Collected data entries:
=====
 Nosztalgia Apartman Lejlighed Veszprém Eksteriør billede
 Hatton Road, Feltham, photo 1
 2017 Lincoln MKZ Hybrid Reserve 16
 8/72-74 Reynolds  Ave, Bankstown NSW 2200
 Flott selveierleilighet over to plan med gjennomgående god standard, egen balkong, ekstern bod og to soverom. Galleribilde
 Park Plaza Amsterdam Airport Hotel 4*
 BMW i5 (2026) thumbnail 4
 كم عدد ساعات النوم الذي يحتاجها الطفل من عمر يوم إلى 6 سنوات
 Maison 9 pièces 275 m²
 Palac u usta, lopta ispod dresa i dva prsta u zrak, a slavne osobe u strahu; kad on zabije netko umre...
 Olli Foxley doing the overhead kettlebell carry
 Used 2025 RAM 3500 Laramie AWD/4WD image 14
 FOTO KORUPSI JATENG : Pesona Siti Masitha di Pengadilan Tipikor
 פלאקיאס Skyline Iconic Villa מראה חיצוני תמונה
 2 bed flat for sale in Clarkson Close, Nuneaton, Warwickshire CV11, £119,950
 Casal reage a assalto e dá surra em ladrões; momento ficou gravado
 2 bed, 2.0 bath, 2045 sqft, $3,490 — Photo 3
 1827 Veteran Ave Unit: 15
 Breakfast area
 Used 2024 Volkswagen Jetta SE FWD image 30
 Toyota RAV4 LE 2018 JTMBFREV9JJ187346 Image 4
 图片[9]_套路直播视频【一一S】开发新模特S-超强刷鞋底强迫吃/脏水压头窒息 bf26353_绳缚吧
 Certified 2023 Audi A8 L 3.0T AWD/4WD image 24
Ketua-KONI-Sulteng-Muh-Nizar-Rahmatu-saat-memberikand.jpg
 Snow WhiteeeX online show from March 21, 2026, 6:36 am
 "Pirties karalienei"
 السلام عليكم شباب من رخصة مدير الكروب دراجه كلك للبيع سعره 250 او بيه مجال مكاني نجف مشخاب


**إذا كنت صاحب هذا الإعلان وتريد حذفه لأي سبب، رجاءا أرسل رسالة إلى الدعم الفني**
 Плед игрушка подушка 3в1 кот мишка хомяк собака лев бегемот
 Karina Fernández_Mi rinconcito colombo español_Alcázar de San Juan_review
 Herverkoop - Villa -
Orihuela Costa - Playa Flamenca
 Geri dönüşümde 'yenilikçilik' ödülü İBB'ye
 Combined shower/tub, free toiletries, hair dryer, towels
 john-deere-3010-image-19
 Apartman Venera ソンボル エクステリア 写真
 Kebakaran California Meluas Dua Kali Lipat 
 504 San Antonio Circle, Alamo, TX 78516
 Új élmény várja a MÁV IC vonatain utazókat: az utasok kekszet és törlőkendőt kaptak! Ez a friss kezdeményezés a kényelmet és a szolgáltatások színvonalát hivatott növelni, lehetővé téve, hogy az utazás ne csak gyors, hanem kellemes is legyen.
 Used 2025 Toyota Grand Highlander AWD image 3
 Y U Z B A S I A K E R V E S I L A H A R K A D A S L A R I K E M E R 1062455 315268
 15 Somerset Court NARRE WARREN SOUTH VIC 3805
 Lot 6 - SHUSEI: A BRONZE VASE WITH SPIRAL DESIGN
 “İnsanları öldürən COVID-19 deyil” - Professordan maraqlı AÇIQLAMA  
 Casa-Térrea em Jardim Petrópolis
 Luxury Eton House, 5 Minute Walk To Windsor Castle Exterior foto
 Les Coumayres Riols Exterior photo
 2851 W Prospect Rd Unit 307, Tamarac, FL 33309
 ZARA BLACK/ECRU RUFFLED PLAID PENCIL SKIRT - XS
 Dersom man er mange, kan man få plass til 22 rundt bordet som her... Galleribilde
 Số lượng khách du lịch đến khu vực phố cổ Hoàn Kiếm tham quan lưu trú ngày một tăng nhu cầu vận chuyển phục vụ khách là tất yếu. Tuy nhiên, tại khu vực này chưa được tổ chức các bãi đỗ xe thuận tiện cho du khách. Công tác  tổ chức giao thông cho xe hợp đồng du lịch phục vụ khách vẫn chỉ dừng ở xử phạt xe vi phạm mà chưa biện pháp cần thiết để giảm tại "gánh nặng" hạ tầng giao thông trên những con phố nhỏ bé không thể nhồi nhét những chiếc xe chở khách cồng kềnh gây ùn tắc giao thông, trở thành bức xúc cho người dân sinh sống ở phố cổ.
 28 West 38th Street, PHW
=====
### The problem
Reproduce every line above without error.

### Exercise answer
 Nosztalgia Apartman Lejlighed Veszprém Eksteriør billede
 Hatton Road, Feltham, photo 1
 2017 Lincoln MKZ Hybrid Reserve 16
 8/72-74 Reynolds  Ave, Bankstown NSW 2200
 Flott selveierleilighet over to plan med gjennomgående god standard, egen balkong, ekstern bod og to soverom. Galleribilde
 Park Plaza Amsterdam Airport Hotel 4*
 BMW i5 (2026) thumbnail 4
 كم عدد ساعات النوم الذي يحتاجها الطفل من عمر يوم إلى 6 سنوات
 Maison 9 pièces 275 m²
 Palac u usta, lopta ispod dresa i dva prsta u zrak, a slavne osobe u strahu; kad on zabije netko umre...
 Olli Foxley doing the overhead kettlebell carry
 Used 2025 RAM 3500 Laramie AWD/4WD image 14
 FOTO KORUPSI JATENG : Pesona Siti Masitha di Pengadilan Tipikor
 פלאקיאס Skyline Iconic Villa מראה חיצוני תמונה
 2 bed flat for sale in Clarkson Close, Nuneaton, Warwickshire CV11, £119,950
 Casal reage a assalto e dá surra em ladrões; momento ficou gravado
 2 bed, 2.0 bath, 2045 sqft, $3,490 — Photo 3
 1827 Veteran Ave Unit: 15
 Breakfast area
 Used 2024 Volkswagen Jetta SE FWD image 30
 Toyota RAV4 LE 2018 JTMBFREV9JJ187346 Image 4
 图片[9]_套路直播视频【一一S】开发新模特S-超强刷鞋底强迫吃/脏水压头窒息 bf26353_绳缚吧
 Certified 2023 Audi A8 L 3.0T AWD/4WD image 24
Ketua-KONI-Sulteng-Muh-Nizar-Rahmatu-saat-memberikand.jpg
 Snow WhiteeeX online show from March 21, 2026, 6:36 am
 "Pirties karalienei"
 السلام عليكم شباب من رخصة مدير الكروب دراجه كلك للبيع سعره 250 او بيه مجال مكاني نجف مشخاب


**إذا كنت صاحب هذا الإعلان وتريد حذفه لأي سبب، رجاءا أرسل رسالة إلى الدعم الفني**
 Плед игрушка подушка 3в1 кот мишка хомяк собака лев бегемот
 Karina Fernández_Mi rinconcito colombo español_Alcázar de San Juan_review
 Herverkoop - Villa -
Orihuela Costa - Playa Flamenca
 Geri dönüşümde 'yenilikçilik' ödülü İBB'ye
 Combined shower/tub, free toiletries, hair dryer, towels
 john-deere-3010-image-19
 Apartman Venera ソンボル エクステリア 写真
 Kebakaran California Meluas Dua Kali Lipat 
 504 San Antonio Circle, Alamo, TX 78516
 Új élmény várja a MÁV IC vonatain utazókat: az utasok kekszet és törlőkendőt kaptak! Ez a friss kezdeményezés a kényelmet és a szolgáltatások színvonalát hivatott növelni, lehetővé téve, hogy az utazás ne csak gyors, hanem kellemes is legyen.
 Used 2025 Toyota Grand Highlander AWD image 3
 Y U Z B A S I A K E R V E S I L A H A R K A D A S L A R I K E M E R 1062455 315268
 15 Somerset Court NARRE WARREN SOUTH VIC 3805
 Lot 6 - SHUSEI: A BRONZE VASE WITH SPIRAL DESIGN
 “İnsanları öldürən COVID-19 deyil” - Professordan maraqlı AÇIQLAMA  
 Casa-Térrea em Jardim Petrópolis
 Luxury Eton House, 5 Minute Walk To Windsor Castle Exterior foto
 Les Coumayres Riols Exterior photo
 2851 W Prospect Rd Unit 307, Tamarac, FL 33309
 ZARA BLACK/ECRU RUFFLED PLAID PENCIL SKIRT - XS
 Dersom man er mange, kan man få plass til 22 rundt bordet som her... Galleribilde
 Số lượng khách du lịch đến khu vực phố cổ Hoàn Kiếm tham quan lưu trú ngày một tăng nhu cầu vận chuyển phục vụ khách là tất yếu. Tuy nhiên, tại khu vực này chưa được tổ chức các bãi đỗ xe thuận tiện cho du khách. Công tác  tổ chức giao thông cho xe hợp đồng du lịch phục vụ khách vẫn chỉ dừng ở xử phạt xe vi phạm mà chưa biện pháp cần thiết để giảm tại "gánh nặng" hạ tầng giao thông trên những con phố nhỏ bé không thể nhồi nhét những chiếc xe chở khách cồng kềnh gây ùn tắc giao thông, trở thành bức xúc cho người dân sinh sống ở phố cổ.
 28 West 38th Street, PHW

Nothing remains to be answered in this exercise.